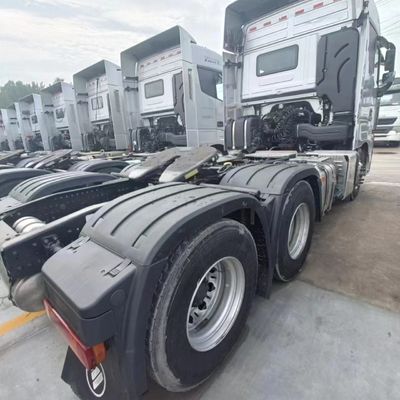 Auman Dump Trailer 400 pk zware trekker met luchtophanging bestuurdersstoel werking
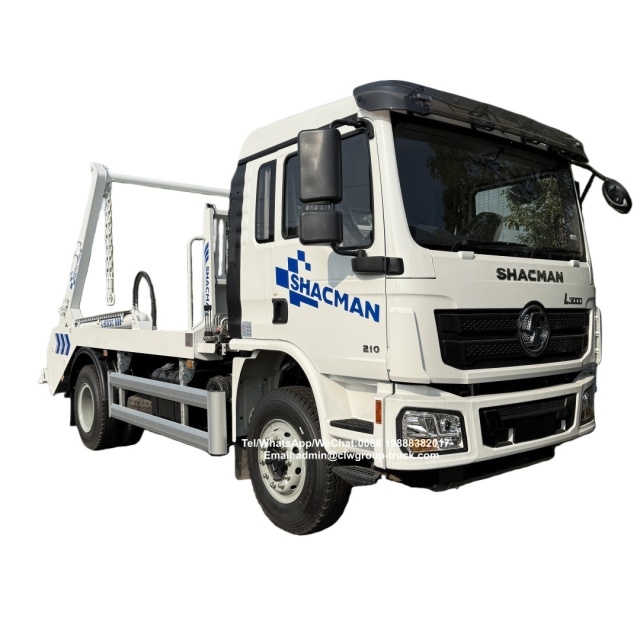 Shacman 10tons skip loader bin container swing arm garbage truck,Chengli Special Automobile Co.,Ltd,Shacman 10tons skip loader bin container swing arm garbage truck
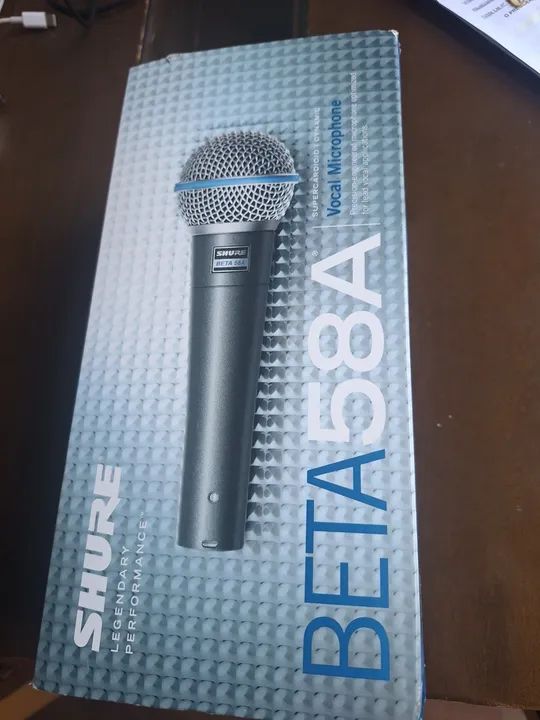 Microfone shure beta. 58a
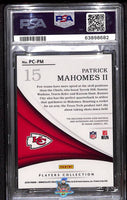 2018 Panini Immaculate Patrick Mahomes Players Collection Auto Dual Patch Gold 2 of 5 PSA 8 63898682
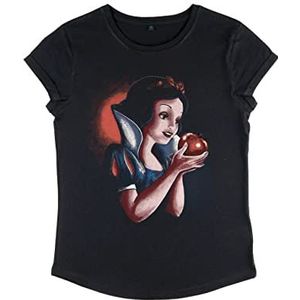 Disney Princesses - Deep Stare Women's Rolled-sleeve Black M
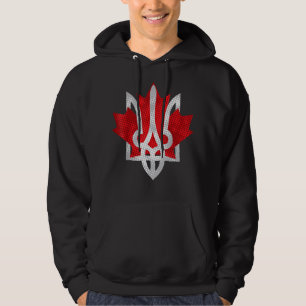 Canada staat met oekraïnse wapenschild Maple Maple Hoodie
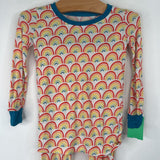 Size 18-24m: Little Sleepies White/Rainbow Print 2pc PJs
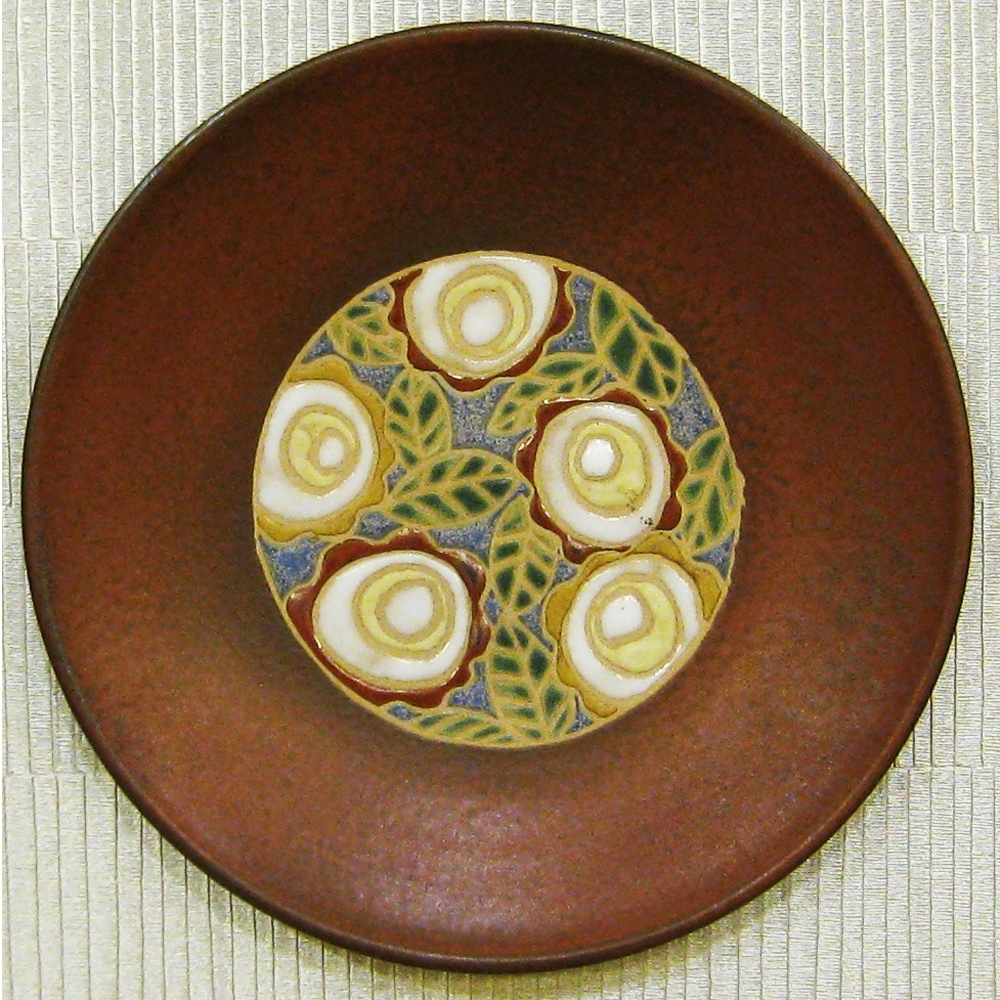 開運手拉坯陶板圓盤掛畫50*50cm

++++++++++++++++++++

Problem to solve:
Nothing but the lines from the line containing "Size 18-24m: Little" through the end of the data, both ends included, is to be reproduced, exactly as written and without the pictures.

Result of the exercise:
 Size 18-24m: Little Sleepies White/Rainbow Print 2pc PJs
 開運手拉坯陶板圓盤掛畫50*50cm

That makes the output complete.